- **Activity**
Please set down only the lines between the line containing "Clôture Euro Vert" and the end of the records, inclusive, exactly as they stand.

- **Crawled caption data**
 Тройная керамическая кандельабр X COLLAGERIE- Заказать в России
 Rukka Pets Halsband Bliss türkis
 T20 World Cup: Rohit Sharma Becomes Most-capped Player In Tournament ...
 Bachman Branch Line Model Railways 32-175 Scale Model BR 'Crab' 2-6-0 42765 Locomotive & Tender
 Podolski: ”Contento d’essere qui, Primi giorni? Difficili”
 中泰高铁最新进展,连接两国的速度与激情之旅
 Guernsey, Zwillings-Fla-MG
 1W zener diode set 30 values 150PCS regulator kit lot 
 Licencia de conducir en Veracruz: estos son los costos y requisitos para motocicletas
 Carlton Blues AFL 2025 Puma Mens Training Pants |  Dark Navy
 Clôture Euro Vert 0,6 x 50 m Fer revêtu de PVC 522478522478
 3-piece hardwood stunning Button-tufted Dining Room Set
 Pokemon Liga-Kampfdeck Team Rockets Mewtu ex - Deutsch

- **Answer for this exercise**
 Clôture Euro Vert 0,6 x 50 m Fer revêtu de PVC 522478522478
 3-piece hardwood stunning Button-tufted Dining Room Set
 Pokemon Liga-Kampfdeck Team Rockets Mewtu ex - Deutsch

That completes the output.